■ The problem: Copy the records below, from the line containing "Wholesale 8oz 10oz" through the last line; leave out pictures.

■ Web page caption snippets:
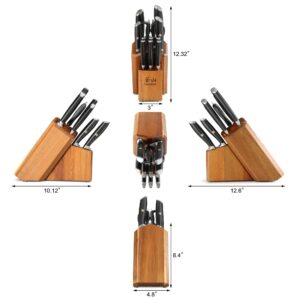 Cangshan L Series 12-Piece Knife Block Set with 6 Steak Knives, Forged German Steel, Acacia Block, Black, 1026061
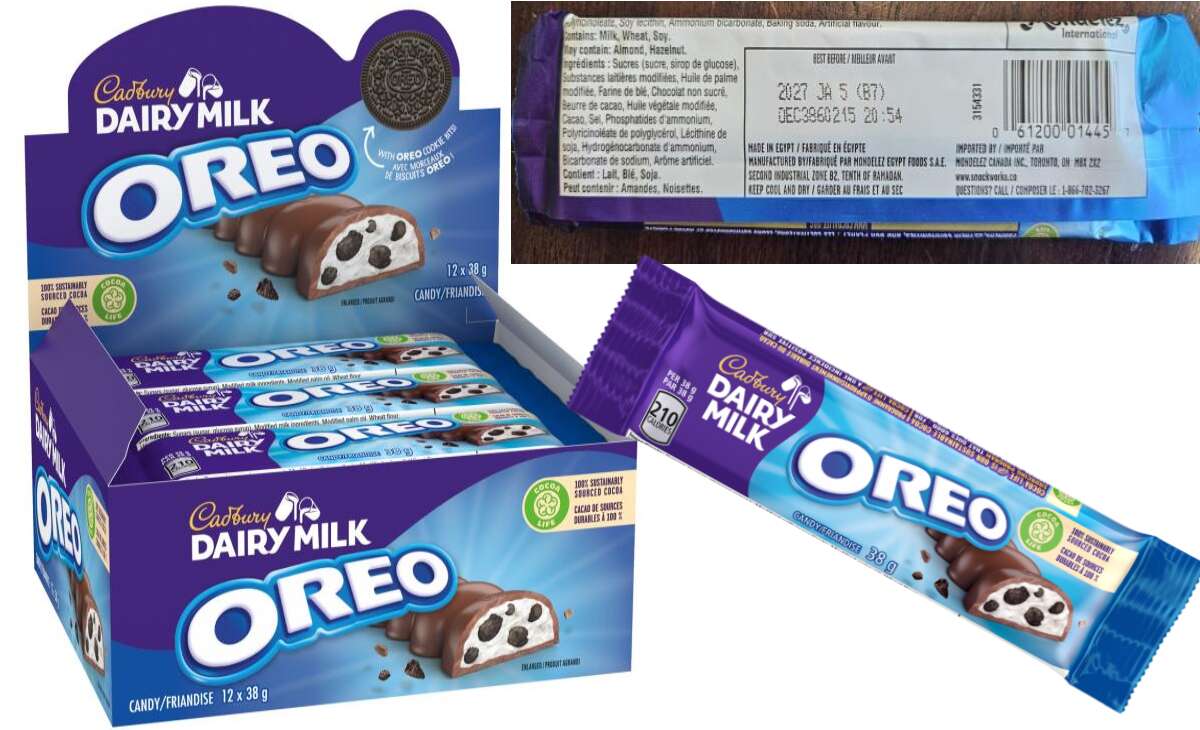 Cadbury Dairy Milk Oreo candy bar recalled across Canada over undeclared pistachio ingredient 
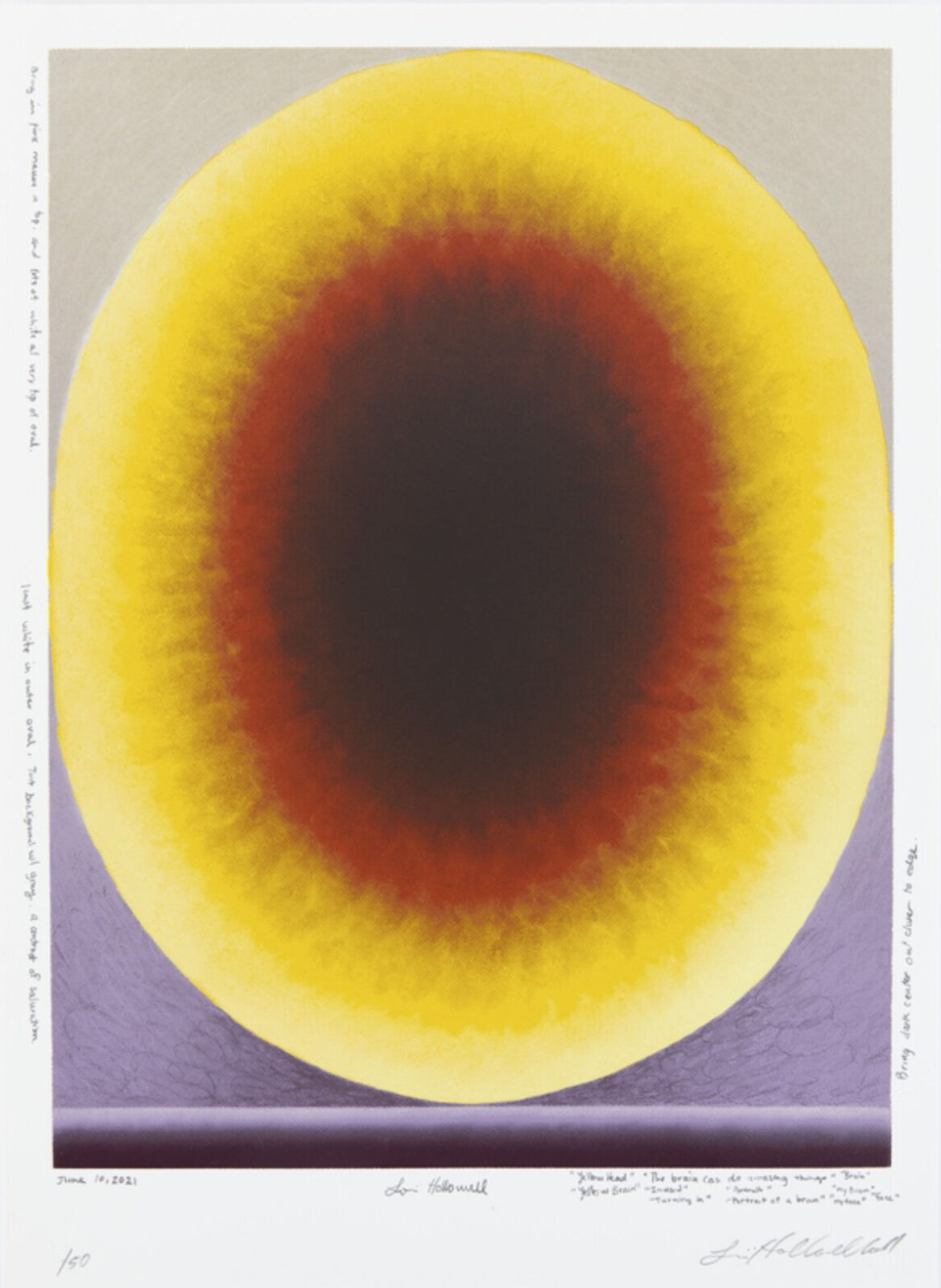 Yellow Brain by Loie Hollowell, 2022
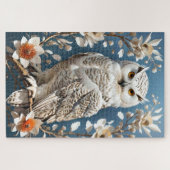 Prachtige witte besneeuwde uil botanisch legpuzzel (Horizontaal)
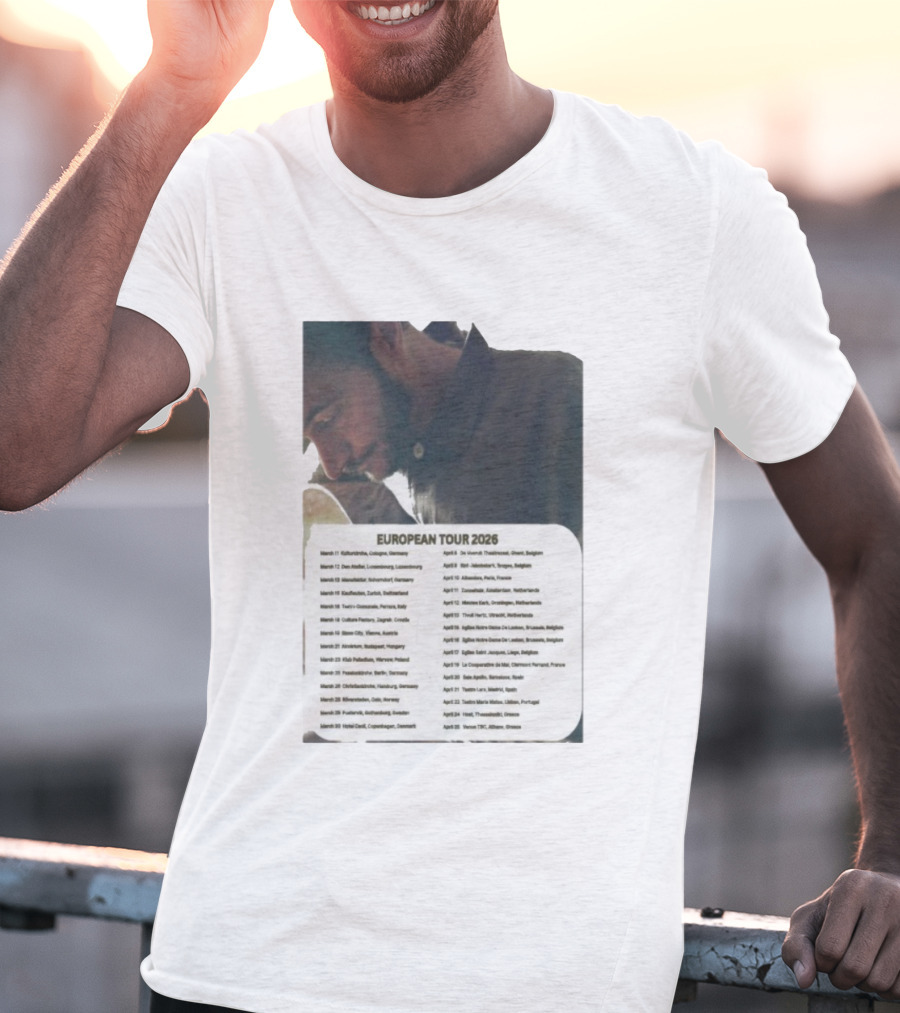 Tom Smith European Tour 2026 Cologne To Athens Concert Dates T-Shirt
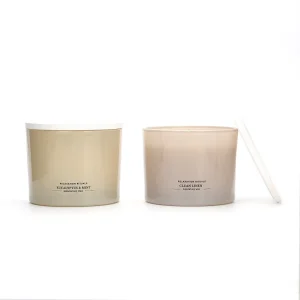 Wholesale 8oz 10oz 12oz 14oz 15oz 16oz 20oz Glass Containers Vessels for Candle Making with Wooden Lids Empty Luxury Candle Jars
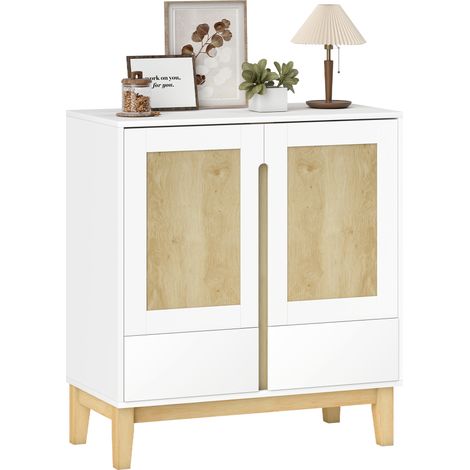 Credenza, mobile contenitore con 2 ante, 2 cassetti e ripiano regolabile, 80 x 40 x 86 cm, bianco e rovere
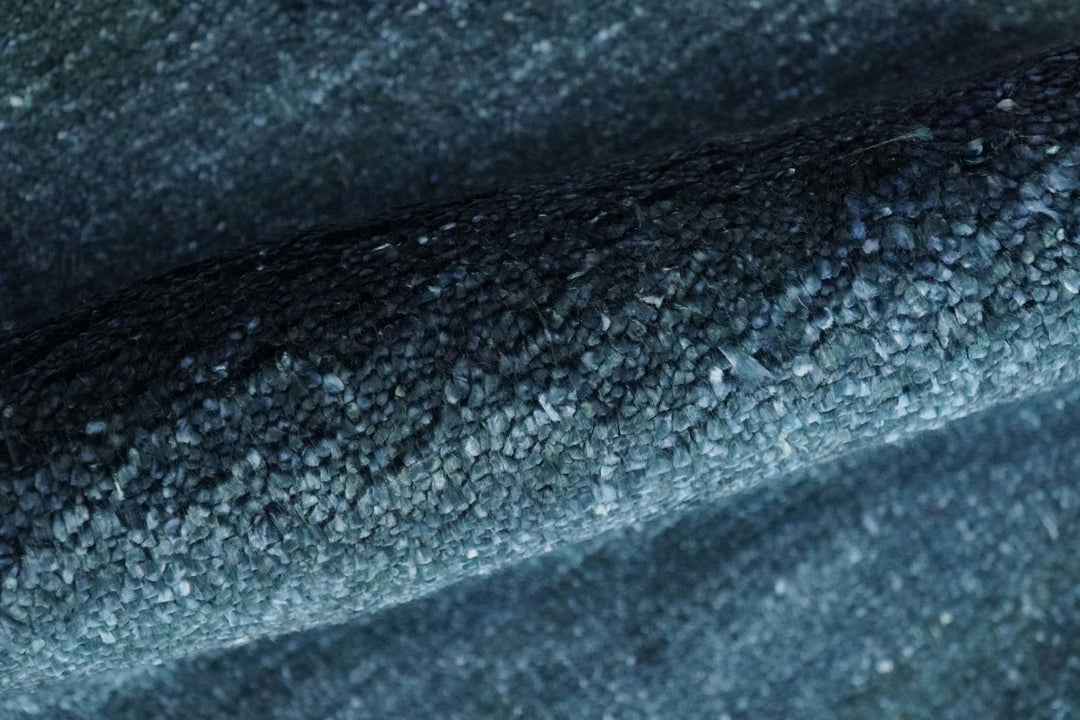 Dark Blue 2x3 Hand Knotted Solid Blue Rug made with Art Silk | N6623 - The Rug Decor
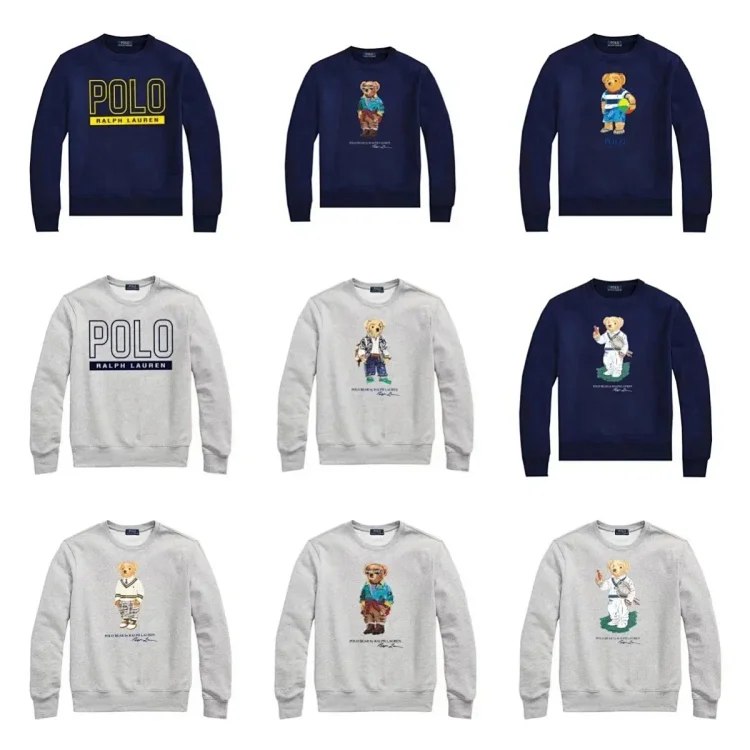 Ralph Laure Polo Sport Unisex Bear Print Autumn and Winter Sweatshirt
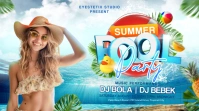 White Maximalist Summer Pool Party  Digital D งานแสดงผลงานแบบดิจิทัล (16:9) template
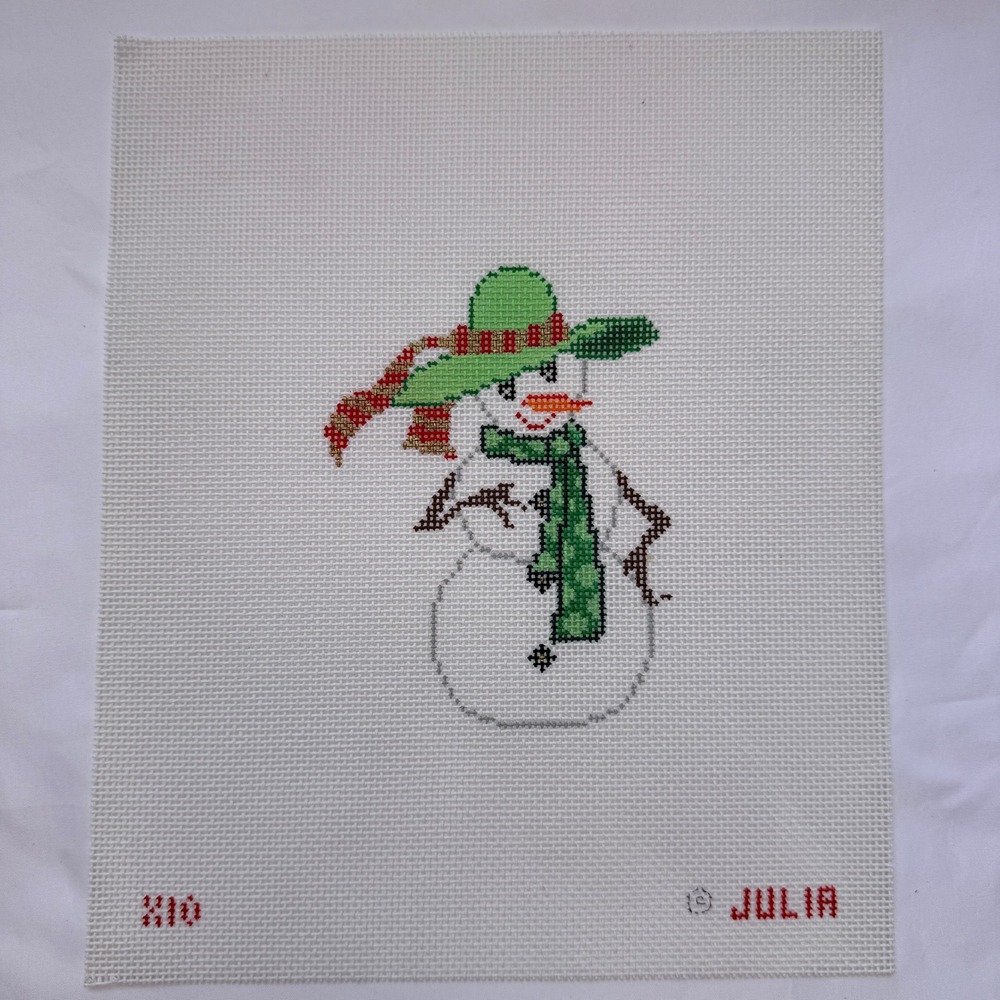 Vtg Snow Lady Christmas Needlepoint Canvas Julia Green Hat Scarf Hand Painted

■ Answer section:
 Wholesale 8oz 10oz 12oz 14oz 15oz 16oz 20oz Glass Containers Vessels for Candle Making with Wooden Lids Empty Luxury Candle Jars
 Credenza, mobile contenitore con 2 ante, 2 cassetti e ripiano regolabile, 80 x 40 x 86 cm, bianco e rovere
 Dark Blue 2x3 Hand Knotted Solid Blue Rug made with Art Silk | N6623 - The Rug Decor
 Ralph Laure Polo Sport Unisex Bear Print Autumn and Winter Sweatshirt
 White Maximalist Summer Pool Party  Digital D งานแสดงผลงานแบบดิจิทัล (16:9) template
 Vtg Snow Lady Christmas Needlepoint Canvas Julia Green Hat Scarf Hand Painted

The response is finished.